LGBT activist Marielle Franco’s fiancée “waiting for her to come back” one month after murder

Mônica Benício has spoken out following the murder of her fiancée, black feminist LGBT activist Marielle Franco.

Benício was due to marry councillor and activist Franco next year. Franco was an openly serving lesbian politician who fought for minorities across Rio de Janeiro, where she grew up in one of the many favelas.

She won the fifth-highest vote count of council members in 2015, defying the odds which were set against her as a black, gay woman.

Franco, 38, and her driver Anderson Pedro Gomes, 39, were shot in Brazil one month ago.

(Mariella Franco/Facebook)

She often spoke openly about the need to crack down on discrimination against minority groups, as well as police violence, who she said exercised excessive force.

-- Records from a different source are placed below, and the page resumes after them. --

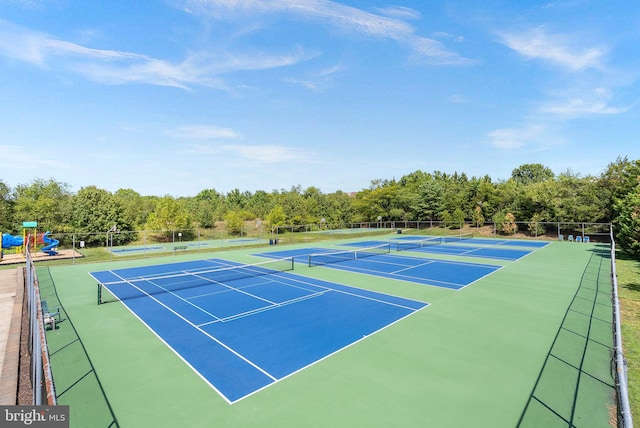 6900 Mary Caroline Cir Unit L, Alexandria, VA 22310 - view of tennis court featuring community basketball court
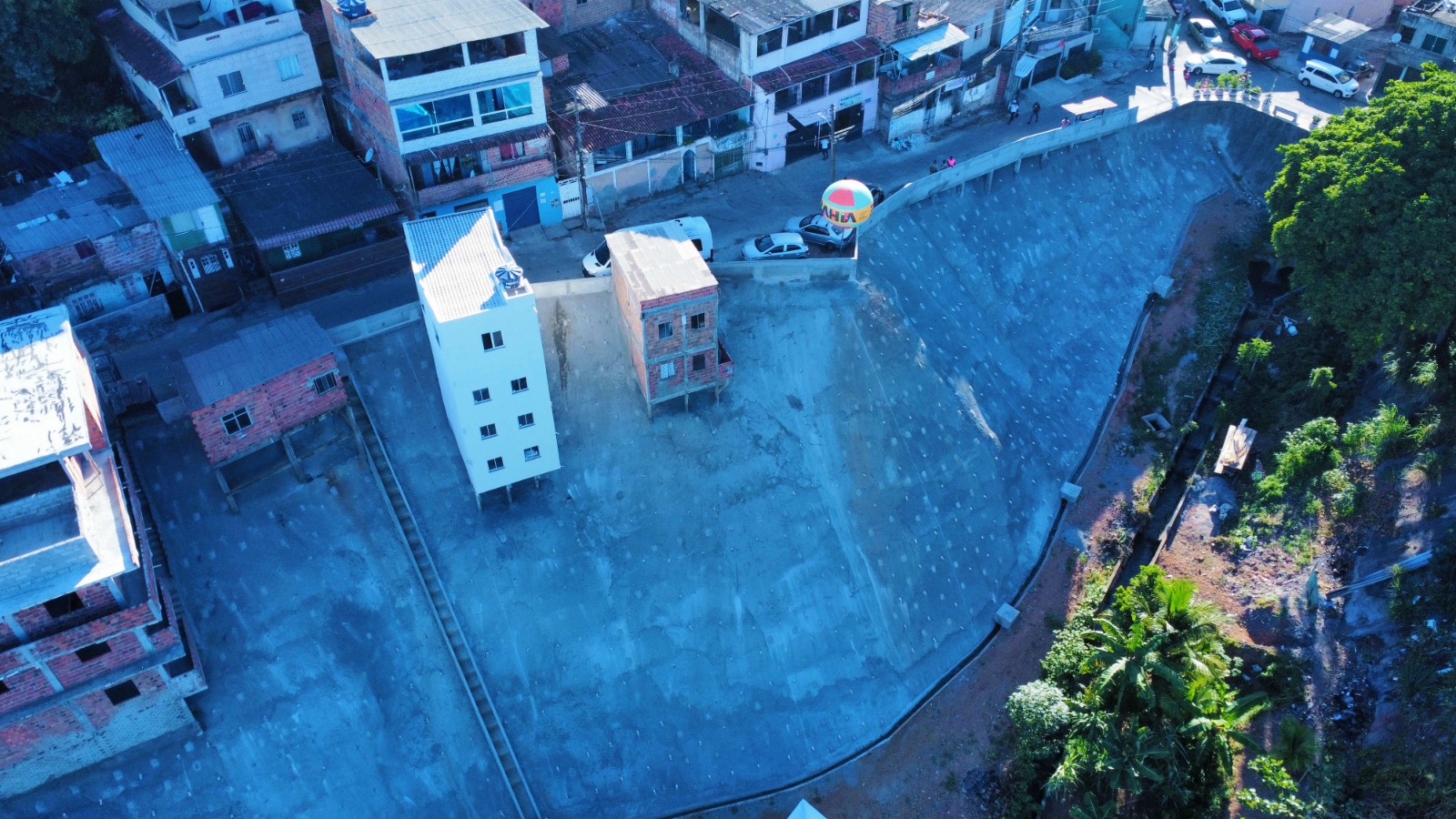 Governo do Estado celebra aniversário de Salvador com entrega de encosta e assinaturas de ordens de serviço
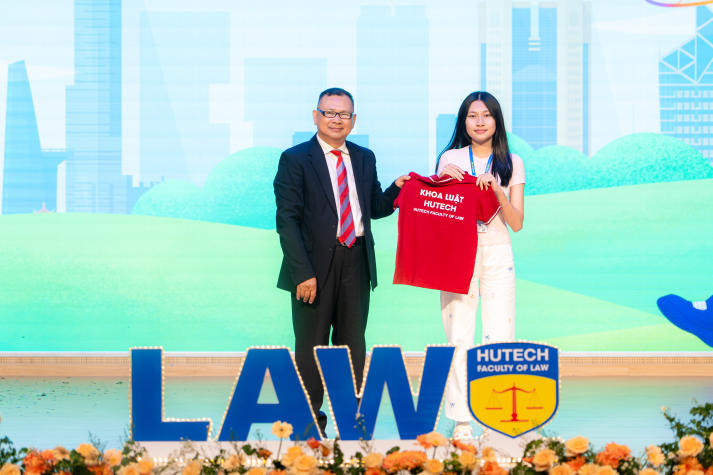 Tân sinh viên Khoa Luật khóa 2025 chính thức bước vào hành trình chinh phục kiến thức pháp lý 82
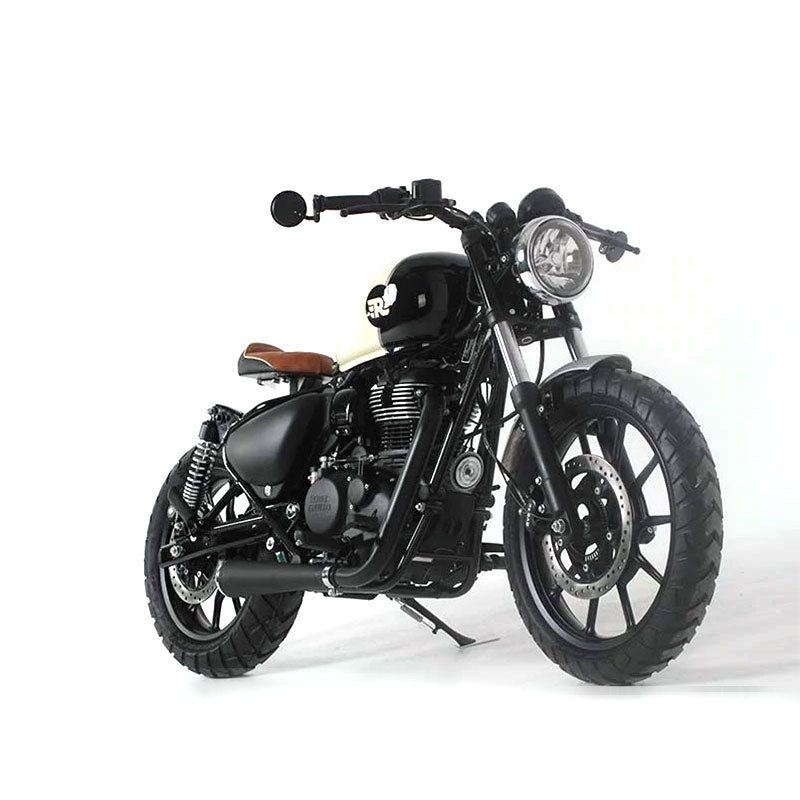 Kit Bobber Royal Enfield Meteor 350 de Hegdehog Motorcycles. Blackpines.fr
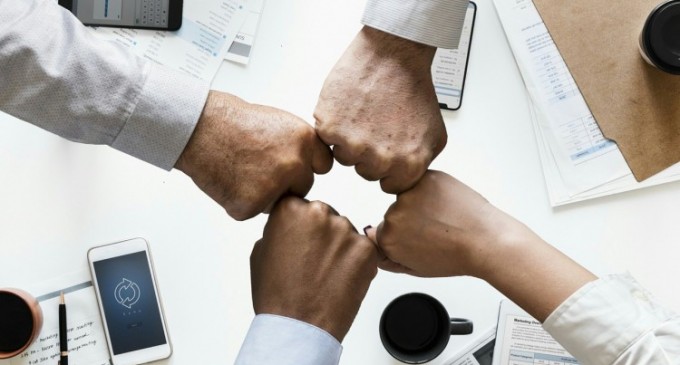 De ce este timpul sa realizam o comunitate de afaceri puternica?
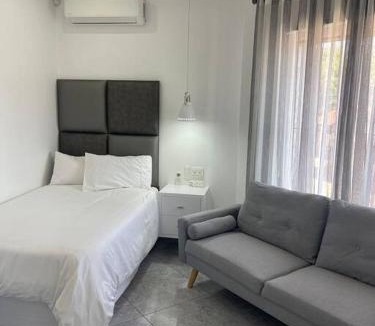 Kimberley Apartment | Gifty Surprize Airbnb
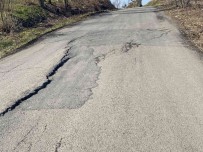 Çöken Yol Sürücülerin Tepkisine Yol Açiyor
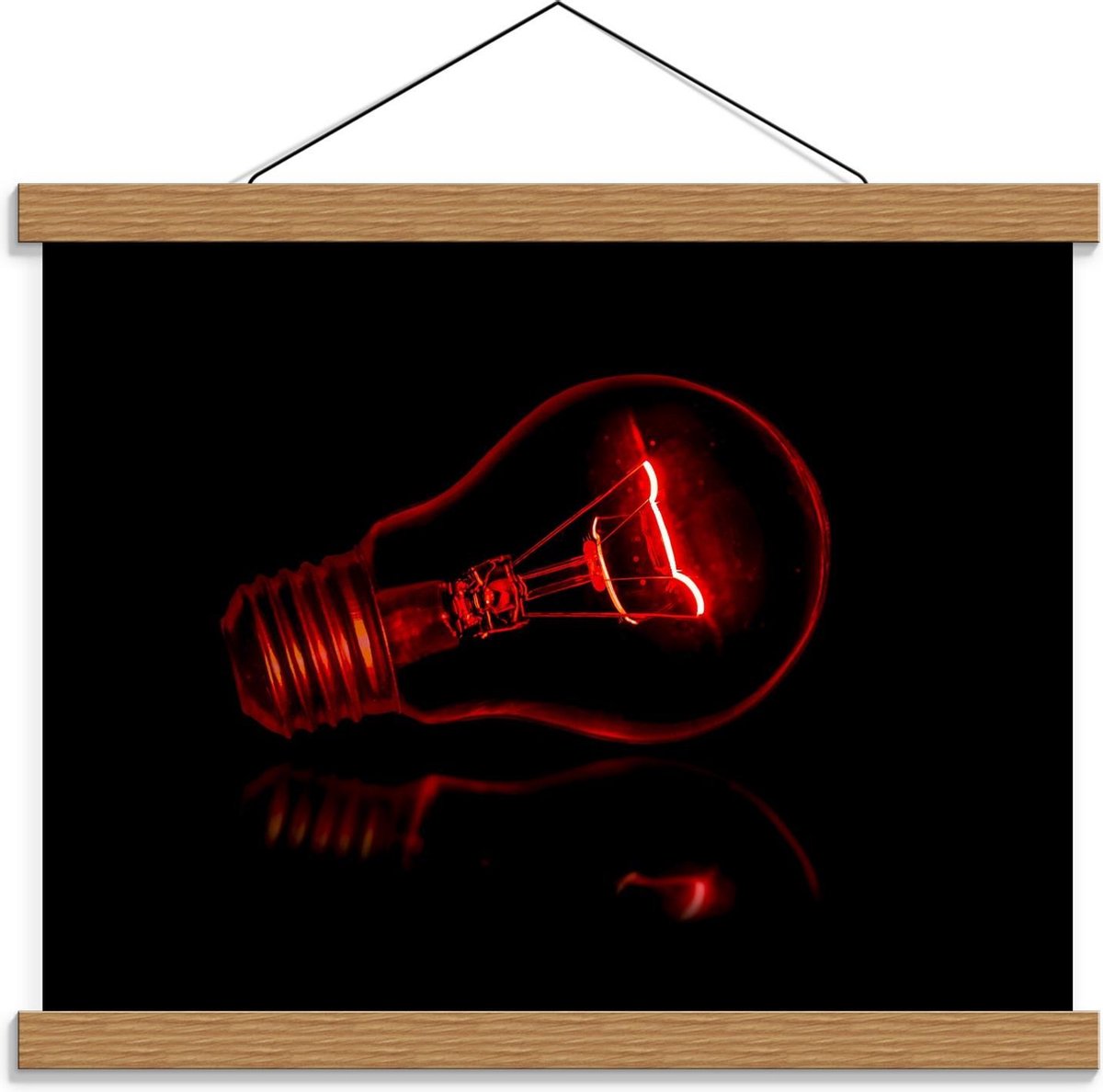 Schoolplaat – Rode Gloeilamp op Zwarte Achtergrond - 40x30cm Foto op Textielposter (Wandde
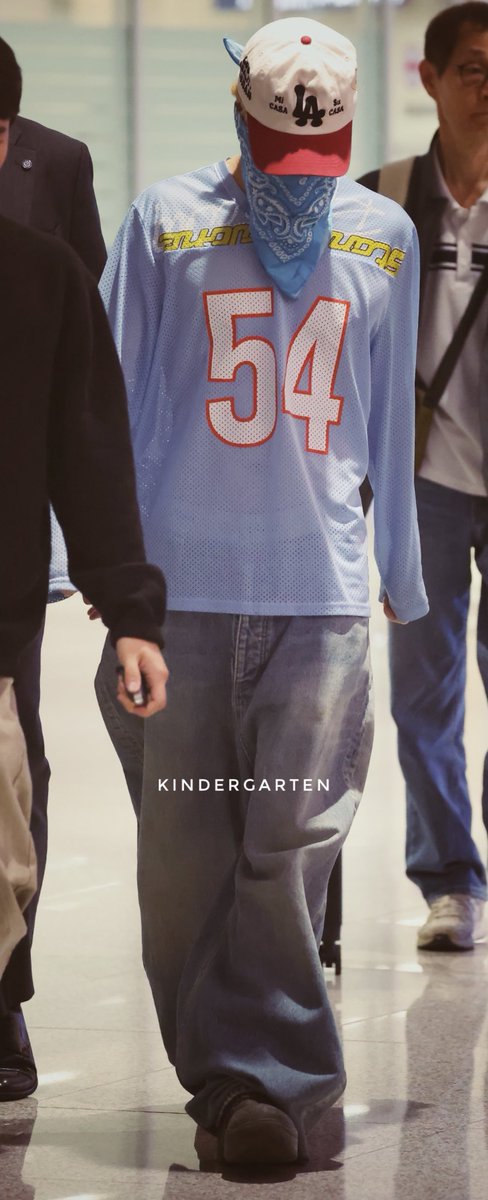 kin_718's tweet photo. 2026.04.22
인천공항 태민🩵💛✨

#태민 #TAEMIN #テミン #泰民 https://t.co/VcITwwvEQS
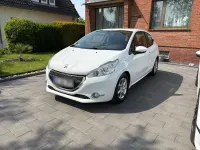 Gebraucht Peugeot 208 95 PS (69 kW) 2012 Weiß Kleinwagen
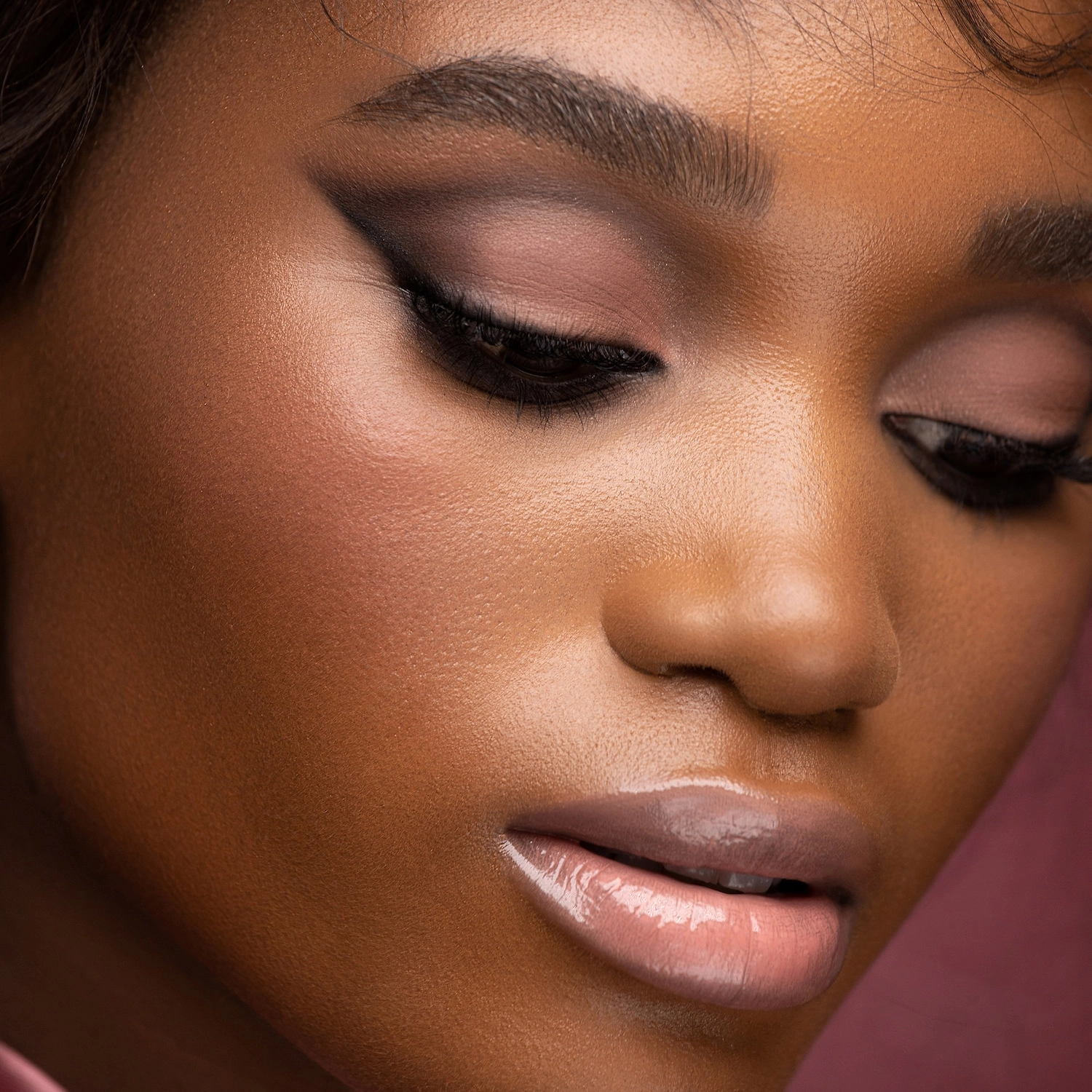 Natasha Denona I Need A Rose Lipgloss Color: Peony - Pink Vegan - Image 4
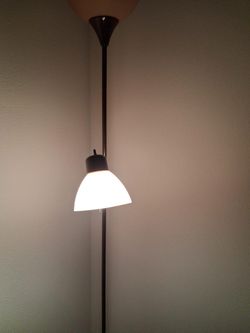 Floor lamp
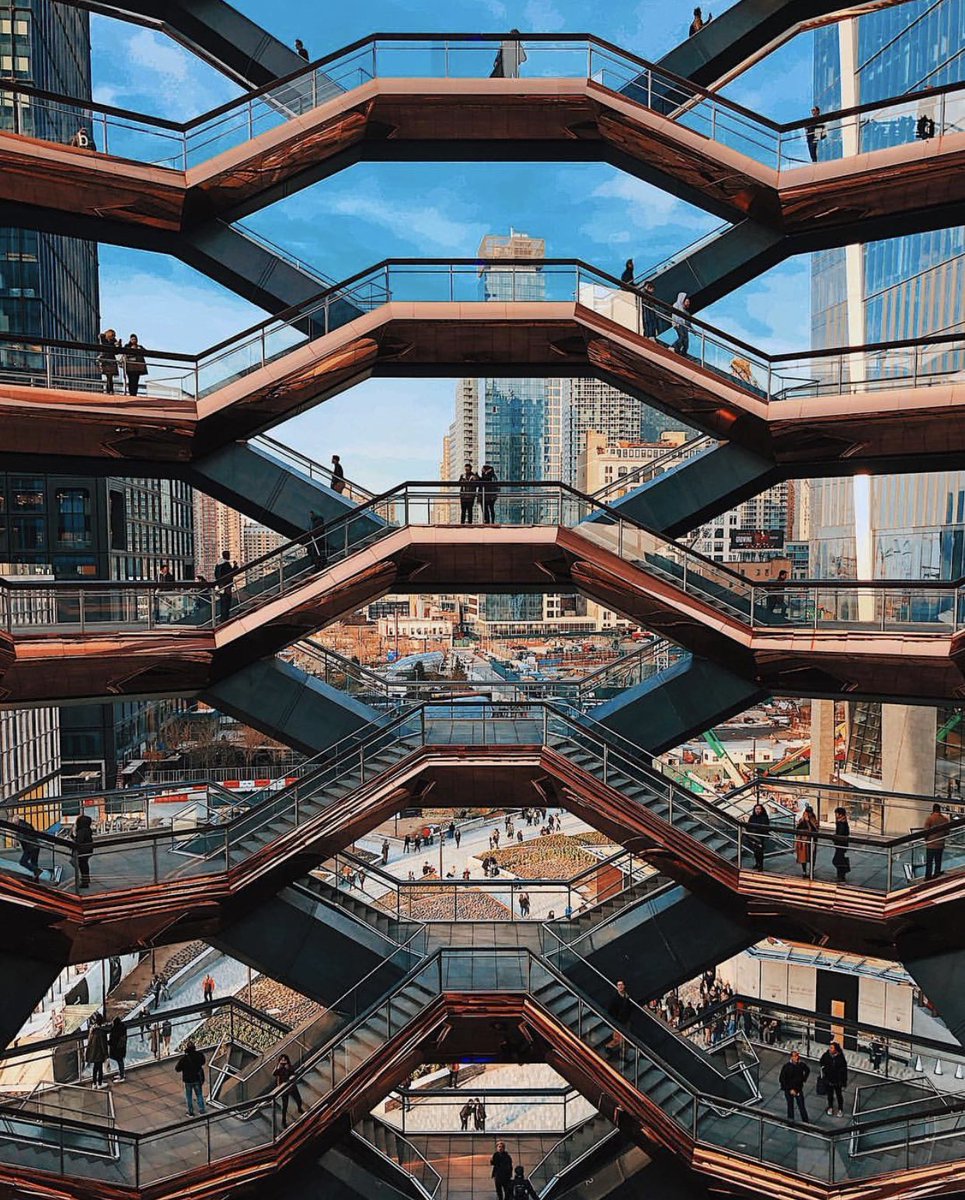 #HudsonYards is on the up and up. Whether you're doing on the West side of East side, use #Payfully to get your commission while in contract.

Photo from <a href="/boldnewyork/">Bold New York</a>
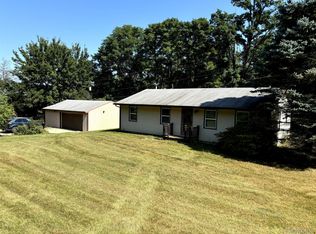 5047 Rochester Rd, Dryden, MI 48428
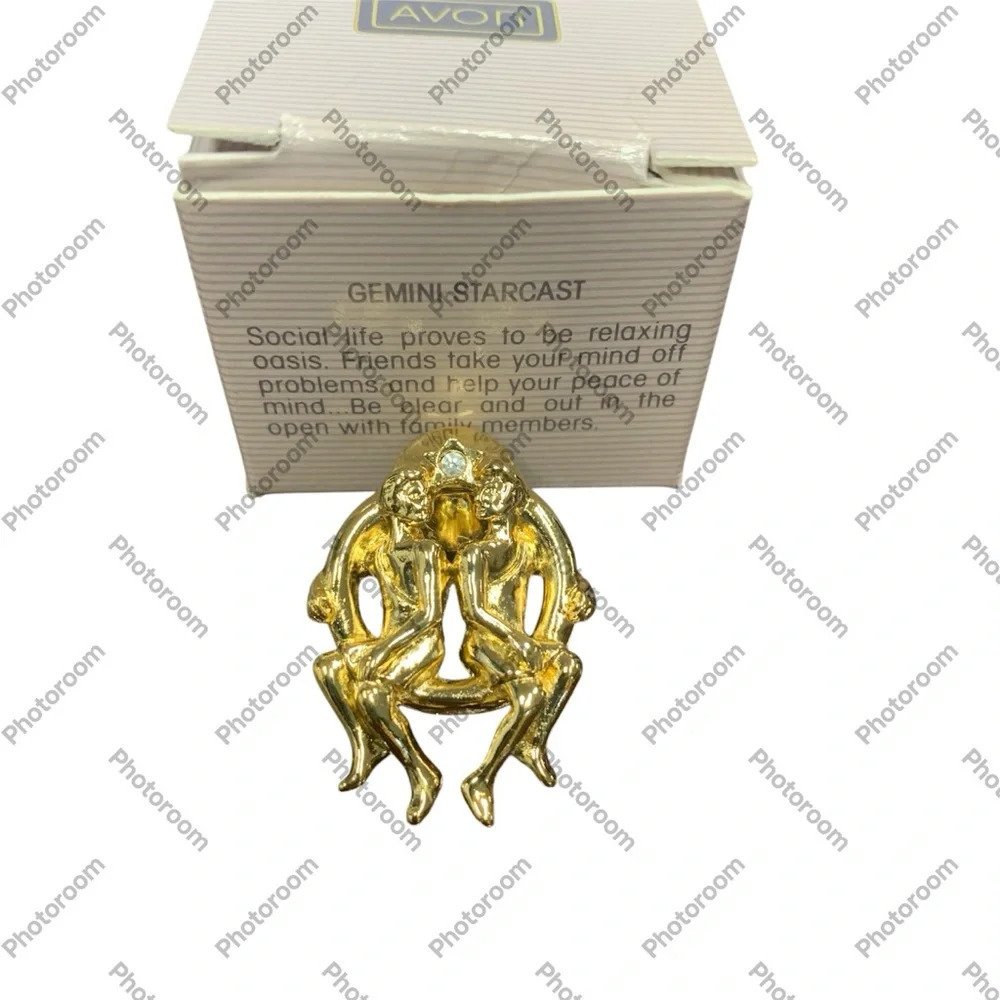 Avon Gemini  Goldtone pin NIB 1990 horoscope fan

Speaking to The Guardian, Franco’s fiancée Benício has opened up about her death, revealing that she’s still “waiting for her to come back”.

“I screamed and I shouted. I smashed part of the house… None of it seemed real… It was like I was having a nightmare and would wake up at any moment. But as more and more friends arrived it became more and more real. More concrete. More desperate,” she said.

Benício continued: “There are two Marielles: the one we are all out on the streets shouting is alive and the Marielle who is my companion and who I still haven’t managed to mourn. I still haven’t accepted this has happened.”

A woman at the demonstration against the murder of Mariella Franco (Photo by MAURO PIMENTEL/AFP/Getty Images)

“I don’t question at all that it was a political crime,” she added. “She was our only black female councillor – a black, lesbian woman from the favelas occupying a position of power that’s predominantly reserved for the white men who make up this ‘Brazilian elite’.”


“I’m waiting for her to come back,” Benício admitted. “Any time now.”

Following the attack, thousands took to the streets outside of Rio de Janeiro’s council chamber to protest against the growing violence in Brazil.

The demonstration against the murder of Mariella Franco (Photo by MAURO PIMENTEL/AFP/Getty Images)

Officials have confirmed that it appears Franco was specifically targeted and not shot in a random attack.

A “full investigation” is going to be carried out over the death, confirmed the head of public security Richard Nunes.